The catalogue also provides a fascinating insight into her research methods. Margaret was ‘led by her love of science’, as she states in her catalogue. She personally visited workshops, and was able to speak directly to craftsmen. As she had knowledge of Persian, she was keen to record local terms for materials and tools. Her mathematical skills enabled her to accurately calculate the scale and measurements for each model. It is likely that her diagrams were then used by local craftsmen, whom she commissioned to construct them. Unfortunately, she does not record who the makers were.

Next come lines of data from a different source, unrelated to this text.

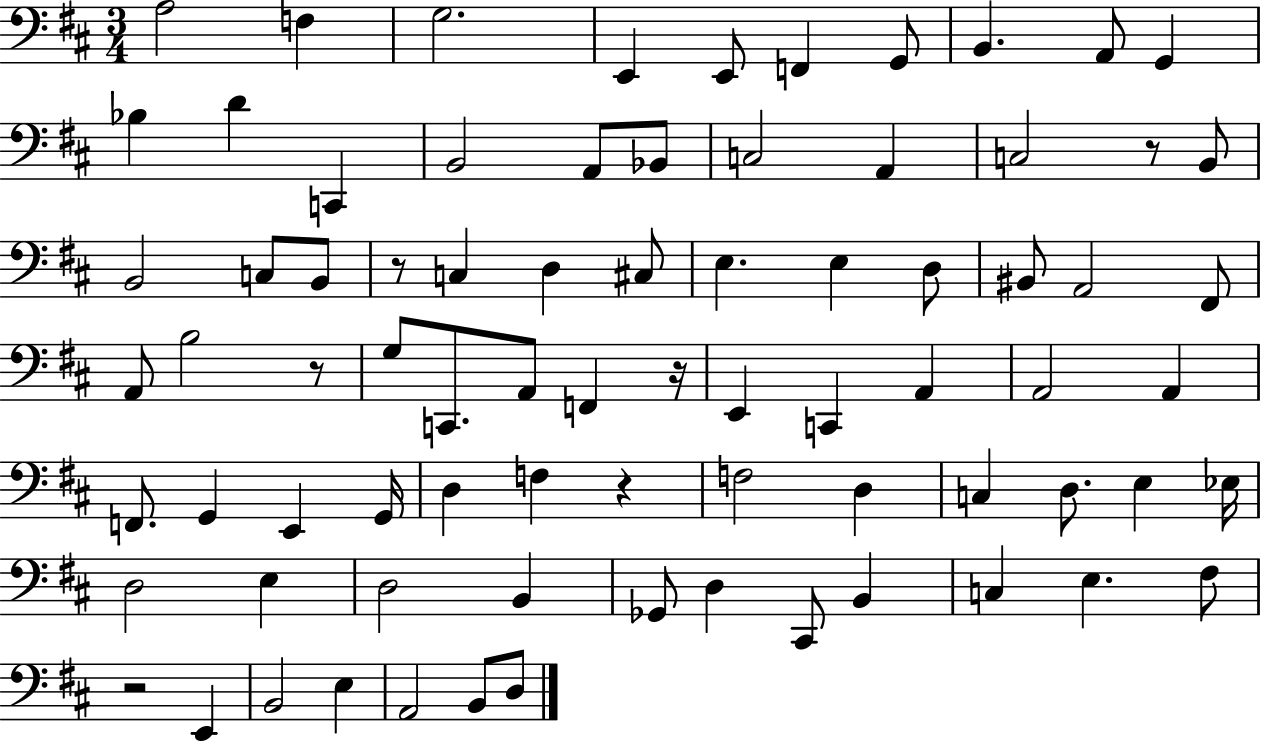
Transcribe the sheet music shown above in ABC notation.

X:1
T:Untitled
M:3/4
L:1/4
K:D
A,2 F, G,2 E,, E,,/2 F,, G,,/2 B,, A,,/2 G,, _B, D C,, B,,2 A,,/2 _B,,/2 C,2 A,, C,2 z/2 B,,/2 B,,2 C,/2 B,,/2 z/2 C, D, ^C,/2 E, E, D,/2 ^B,,/2 A,,2 ^F,,/2 A,,/2 B,2 z/2 G,/2 C,,/2 A,,/2 F,, z/4 E,, C,, A,, A,,2 A,, F,,/2 G,, E,, G,,/4 D, F, z F,2 D, C, D,/2 E, _E,/4 D,2 E, D,2 B,, _G,,/2 D, ^C,,/2 B,, C, E, ^F,/2 z2 E,, B,,2 E, A,,2 B,,/2 D,/2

Margaret Tytler fell ill while in Tirhut and died in 1822, aged 37. Her Will is very detailed, leaving instructions that:
“my models […] together with the catalogue describing them I bequeath to the University of Edinburgh, and should wish that they might be carefully forwarded as soon as possible- British Library India Office Records L/AG/34/29/35
The models first went on display as part of the University collection in 1825, the same year that they arrived at Leith Docks in Edinburgh. The accompanying display label describes them as a ‘Splendid Collection’. At the time, this was primarily a Natural History collection, and the models were displayed as a source of ethnographic knowledge about India.
Two further sets of the models were created during Margaret’s lifetime. These were requested by the Asiatic Society Museum in Calcutta and the East India Company’s Museum in London, for the purpose of educating people about the arts and manufactures of India. The Asiatic Lithographic Company published illustrations of 83 models from the museum in Calcutta in 1828, which can be found in the University of Edinburgh Library's Special Collections, suggesting that the models were perceived as an important collection.
But how was Margaret herself perceived? In a notice of her death in The Asiatic Journal's monthly register for British India the following is said of her:
“The accomplishments of this lady were such as are rarely attained by individuals of her sex, even in the present age.- The Asiatic Journal, 1823, p. 529
Over the last 200 years Margaret Tytler’s models have survived the journey from India to Edinburgh, been transferred from one museum to another, and undergone numerous storage relocations. Yet the set is relatively intact and in remarkably good condition.
Based on our current research at National Museums Scotland, we believe the models, along with her catalogue, are an invaluable primary source for information about India in the early 19th century. We hope to be able to restore the models and display them again in the future, and aim to publish her catalogue in full either in print or online.